24 January 2013 § Leave a Comment
Sous le ciel de Tampa Bay, there’s an accordion player playing by the pier. He strikes a discordant note.
Marcel Proust paints the experience of disorientation as waking up in absolute darkness and imagining the furniture to be in a variety of arrangements – is the dresser to your left under the red-curtained windows like that room where you slept in childhood, or is your wife’s vanity table over there at the foot of the bed like it was before you were divorced. Go to sleep some night with your head at the foot of the bed and hang up black-out curtains so that you awake in such a state. In search of lost time indeed.
Sometimes in the light of day, even sitting in a cafe near Tampa Bay, the same disorientation may arise.
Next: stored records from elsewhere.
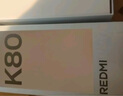 小米 REDMI K80 國家補貼 第三代驍龍 8 6550mAh大電池 澎湃OS 雪巖白 12GB+256GB 紅米5G手機 曬單實(shí)拍圖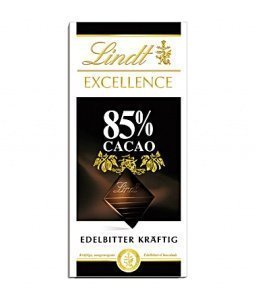 Lindt & Sprüngli Lindt Schokolade 85% Ca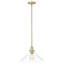 Luminaire suspendu conique 1 lumière Buzbee-2040123300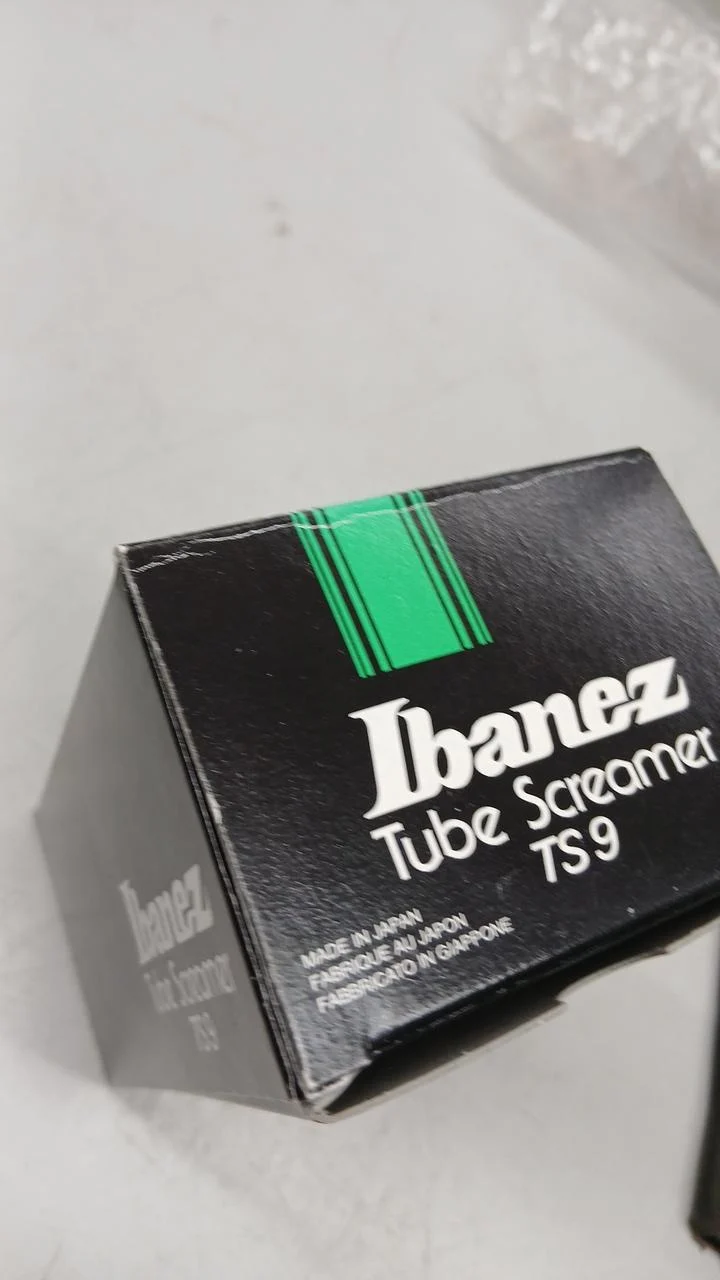 IBANEZ Effektpedal TS9, 2. Neuauflage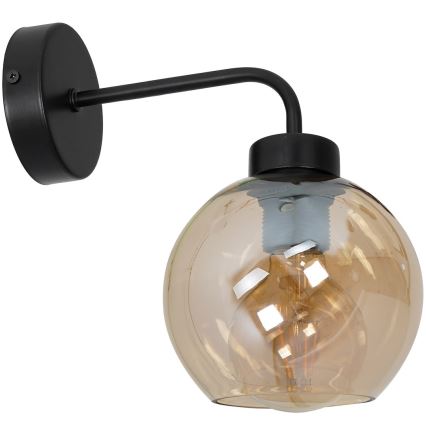 Náhradné sklo univerzálne SOFIA E27, priemer 20 cm, dymovo-béžové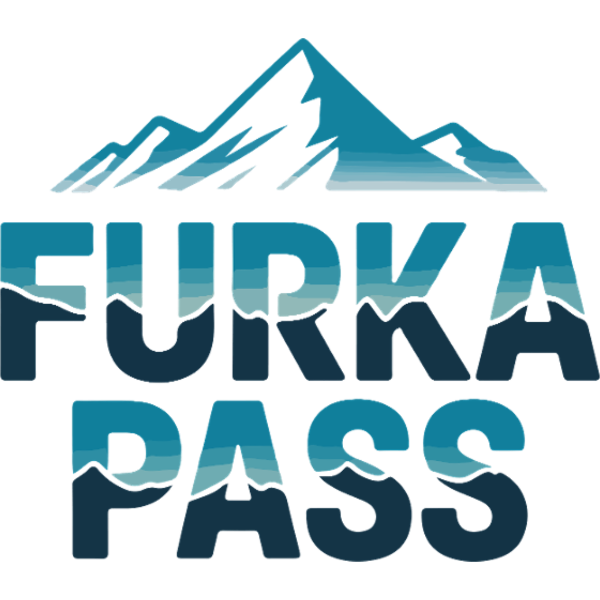 Koszulka "Przełęcz Furka Nowoczesna sztuka kolarstwa alpejskiego"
It’s less identifiable as disorientation since the ground beneath is still visible, but it’s the same thing. That you’ve been here before and a million places like it with a million people. That you thought these ambitions and worries all before. And that suddenly the wholeness of it overwhelms the particular of where you sit.
Am I at a cafe or all cafes?
Place has a hold on us like few things do, and it holds us more quietly than anything. I am where I tread and have trod, some culmination of footfall under forgotten skies. In a familiar place, it’s easy to forget that each step is new unless there’s an accordion player to remind you.